Choosing Connections: Problem Solving with your Child

problem solving

Choosing Connections is a positive parenting approach in which the goal is to keep communication and connection open with your child. It is helping a child solve a problem instead of causing a child to suffer because he has a problem.


To choose connection is to see past the behaviors of a child and realize that he is trying to communicate through his behavior. I help parents build their skills to see what a child is trying to communicate through their behaviors and help the parents to stay in a calm, regulated body to stay connected with their child. When a parent chooses to be available, calm and curious, the parent and child can work together to meet both of their needs which will build connection and trust.


Children can also understand what parents are communicating through their own behaviors. If a parent yells, criticizes, complains, nags, and blames, the child understands that the parent is trying to control a child’s behavior.

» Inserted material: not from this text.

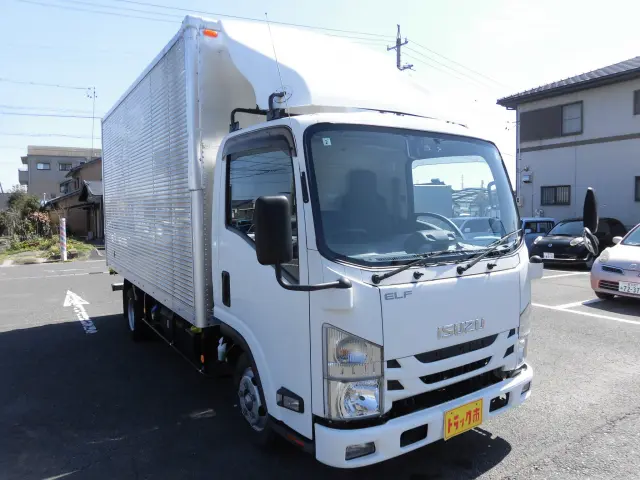いすゞ エルフ 2RG-NLR88AN(2WD)の写真3
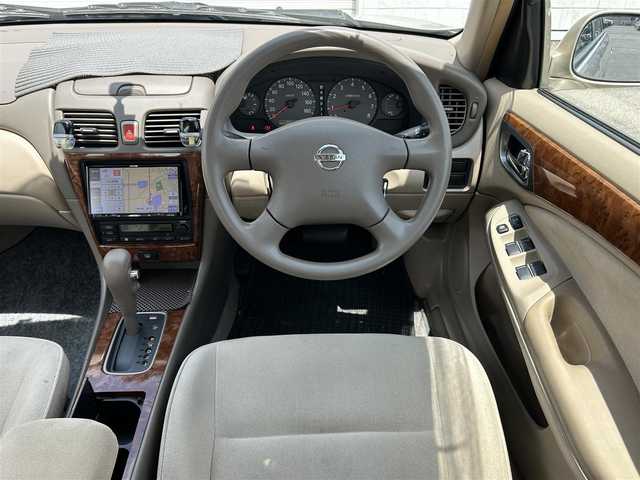 日産 ブルーバード シルフィ 15i 新潟県 2004(平16)年 13.6万km シャンパンシルバー 社外ナビ（AVN-G04）/フルセグ/ETC/オートエアコン/ハロゲンライト/リモコンキー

This may result in a child’s choice to obey to a parent’s wishes, but they will not do it from a place of connection, they will do it because a parent has the greater power.


We are all good at wielding our parental power and telling a child how we are going to solve his problem-

“Go to your room!”

“Get your shoes on!”

“Stop doing that!”


Instead of telling a child how you are going to solve his problem, try asking your child to help you solve the problem. The problem-solving rules are that each of you can only offer what you are willing to do to solve the problem. No blaming, no criticizing. Stay calm. Make sure you both understand the rules.


“The problem is that we need to get to that appointment. Let’s see, I could get everything in the car, and get it running, or I could help you put on your shoes if you need help.” Then see what your child has to offer.


By offering what you can to help solve the problem, it keeps communication open helps you both feel closer and gives the child a shared sense of power and freedom to solve the problem. He has options. You may find out that your child has some impressive problem-solving skills when given the chance to solve a problem with you.